For my menu I primarily chose foods that transform phlegm and drain dampness, as well as some moderate spiciness (warm and acrid) balanced with enough cooling action to neutralize the heat yet not increase dampness. Dishes and their ingredients are as follows:

Spicy Beans
Almond Oil, Garbanzo Beans, Great Northern Beans, Garlic, Sweet Onion, Thyme, Orange/Lemon Peel, Jalapeño, Mustard Seed.

Beans were soaked and simmered for long durations, then combined with the other ingredients until flavors cooperated.

Rice
Mixed Whole Grain Rice, Cucumber, Celery, Garlic, Thyme, Coconut Oil.
Rice by rice cooker (steam) for 2hrs, then combined with other ingredients.

Pie
Pear, Mandarin Orange, Banana, Walnut, 5 Spice.
Crust constructed first, then filled and baked for 1-2hrs.

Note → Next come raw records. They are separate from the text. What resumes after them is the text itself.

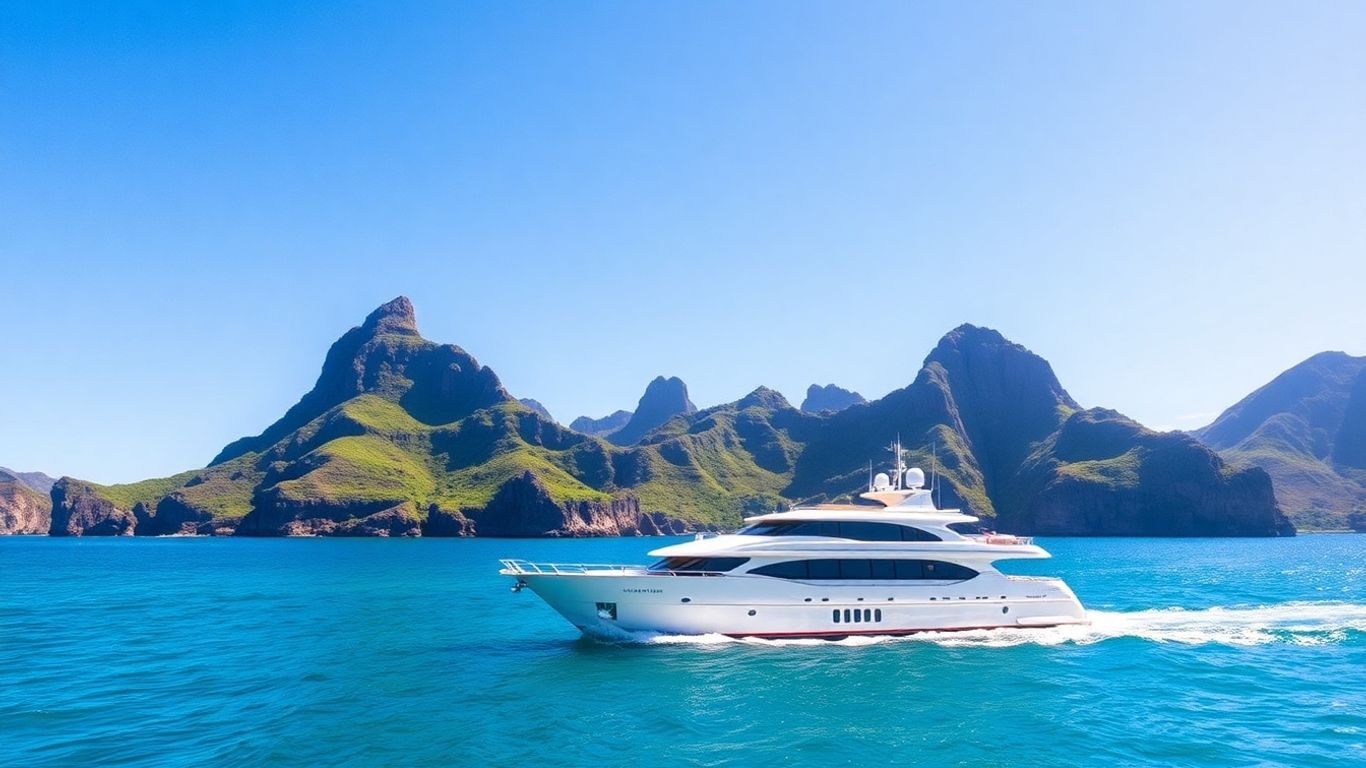 Luxury yacht sailing in Komodo National Park waters.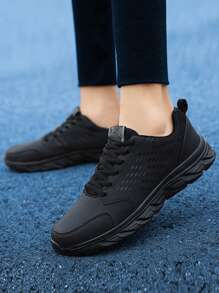 Giày thể thao nam họa tiết hình thoi có dây buộc, Giày chạy bộ thể thao ngoài trời - màu đen - Xem 2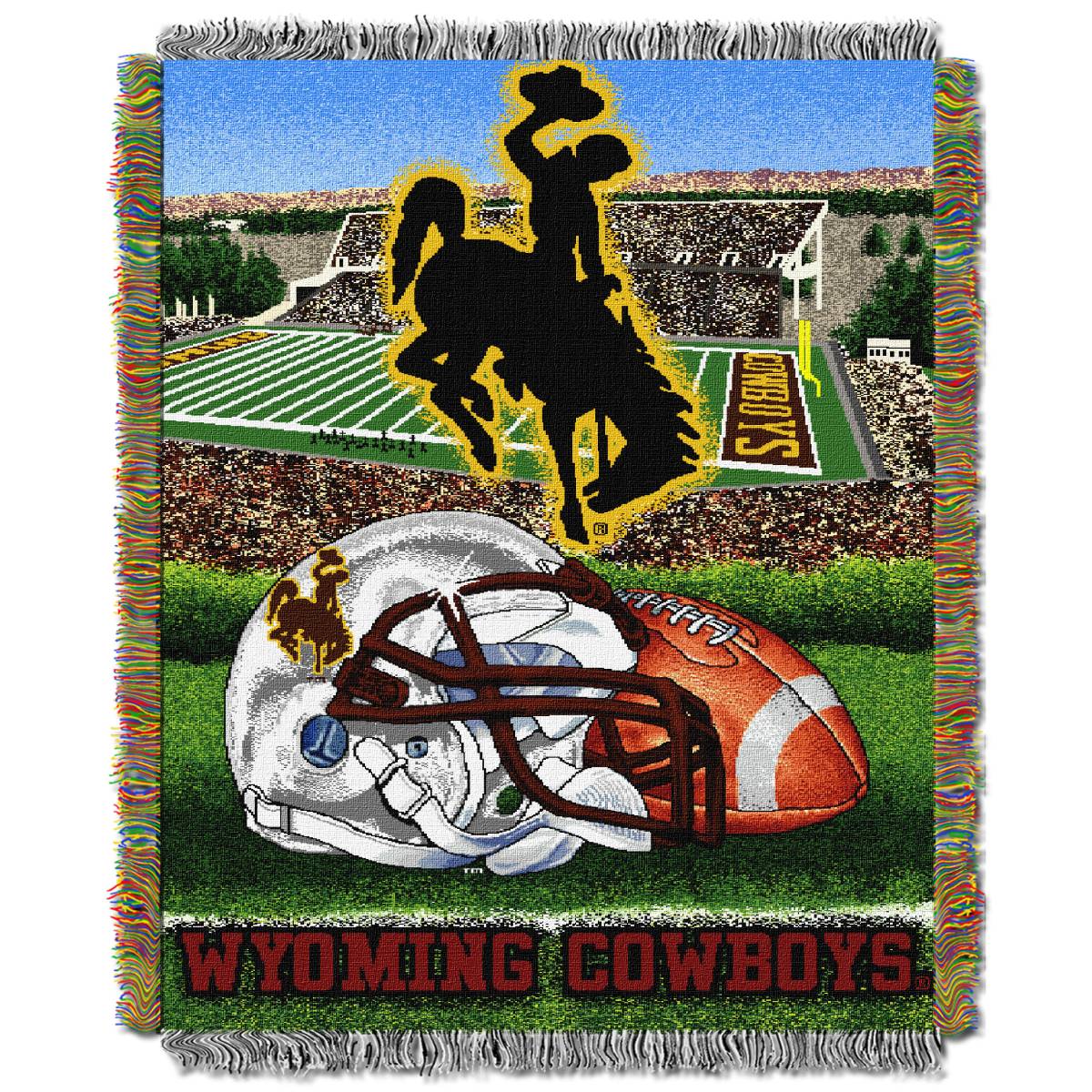 NCAA Wyoming Cowboys Homefield Advantage Woven Tapestry Throw Blanket 48x60 Inches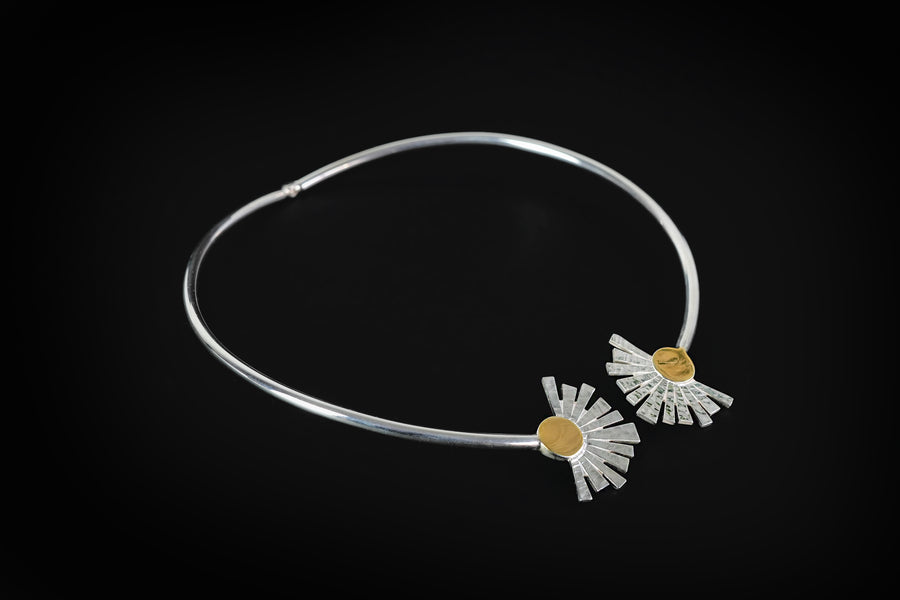The sun silver necklace
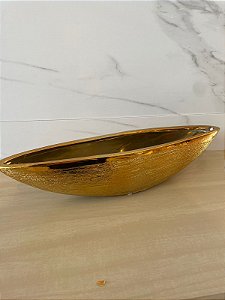 vaso decorativo em cerâmica dourado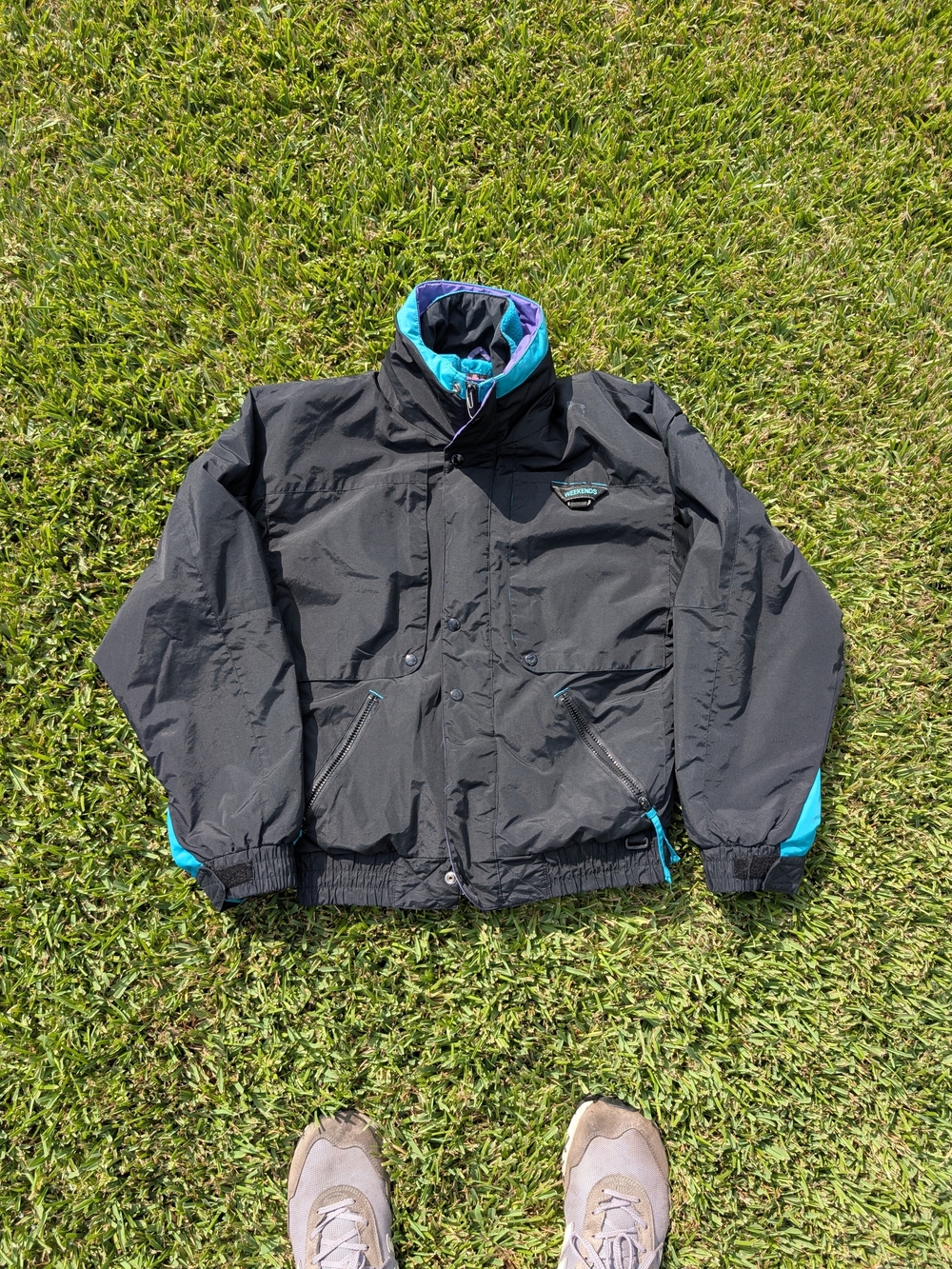 Weekends Vintage Ski Coat Jacket Size S Black Blue Purple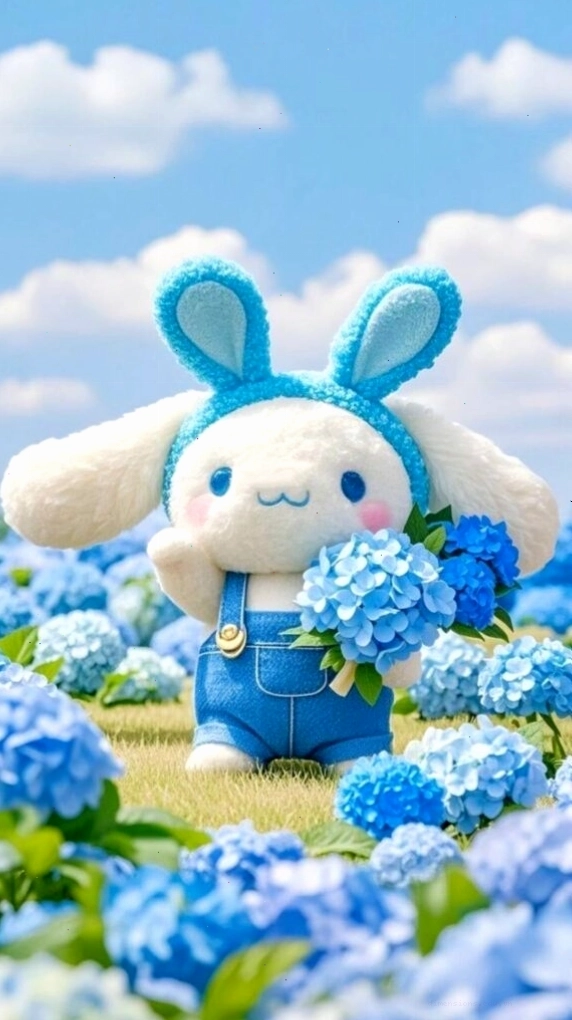 Cinnamoroll anime cute ôm hoa cẩm tú cầu giữa trời xanh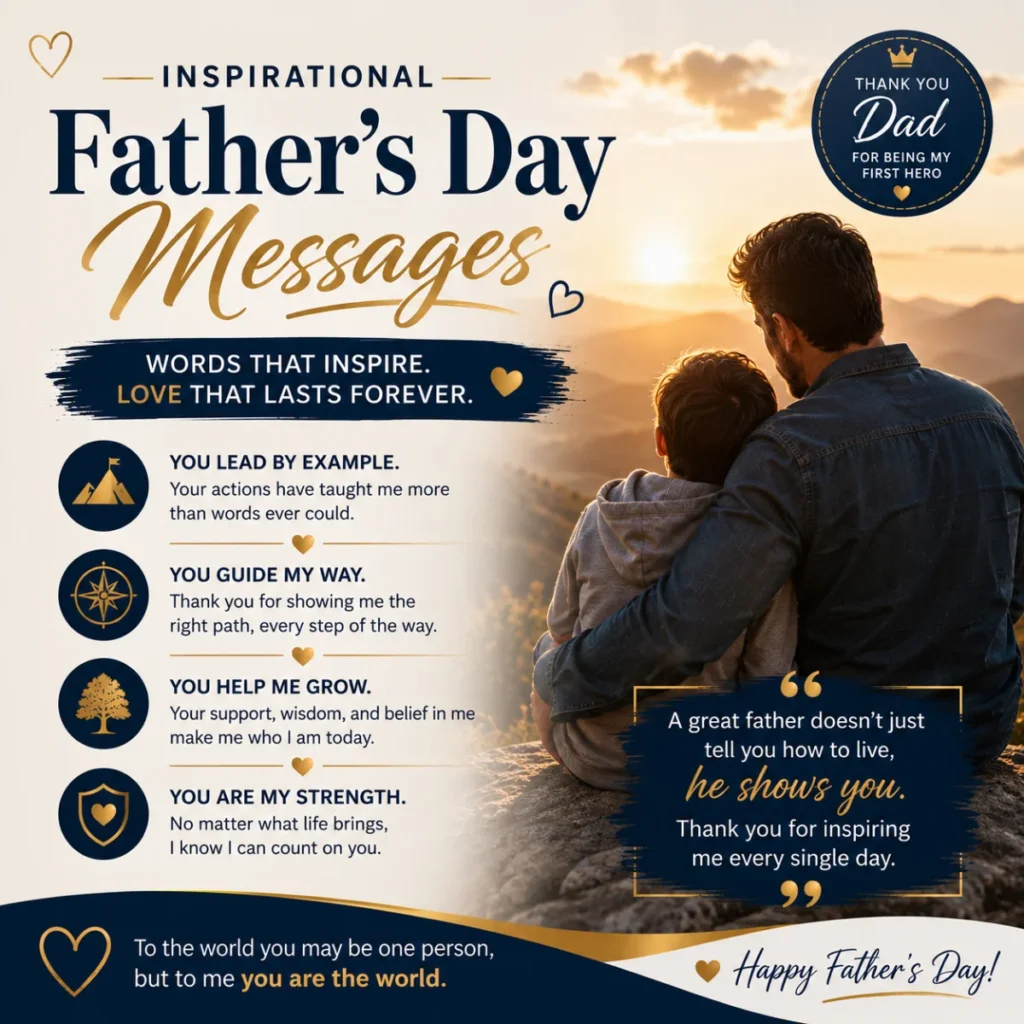 Inspirational Father's Day messages with father and son watching the sunset, celebrating love, strength, and lifelong guidance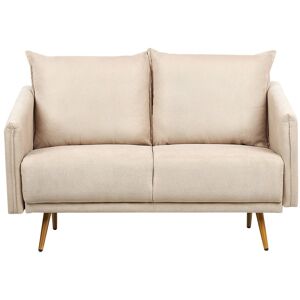 Beliani Sofa Beige Polyester 2 Personers Tyk Polstret Dyb Blød Stofsofa til Stuen Vintage Retro Inspiration Stue Møbel Klassisk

The fresh fruit made for a very moist filling such that it could have gone longer. Foil was used to cover the edges and top to prevent burning during the second half while liquid reduced.

Pie Crust
Walnut, Whole Wheat Flour, Mandarin Orange, Cinnamon, Nutmeg, Allspice.

Each of these dishes were prepared with proper amounts of the main ingredients and seasoned to taste, including small amounts of spices which are not listed. Unfortunately, exact recipes were not compiled during preparation due to seat-of-pants flying. Apologies to those wishing to recreate their favorites!

The three dishes were chosen to illustrate the variety of possibilities of phlegm resolving foods, that not only potent ethnic foods have this ability, and that one mustn’t cause their nose to run in order to eliminate this pathogenic factor.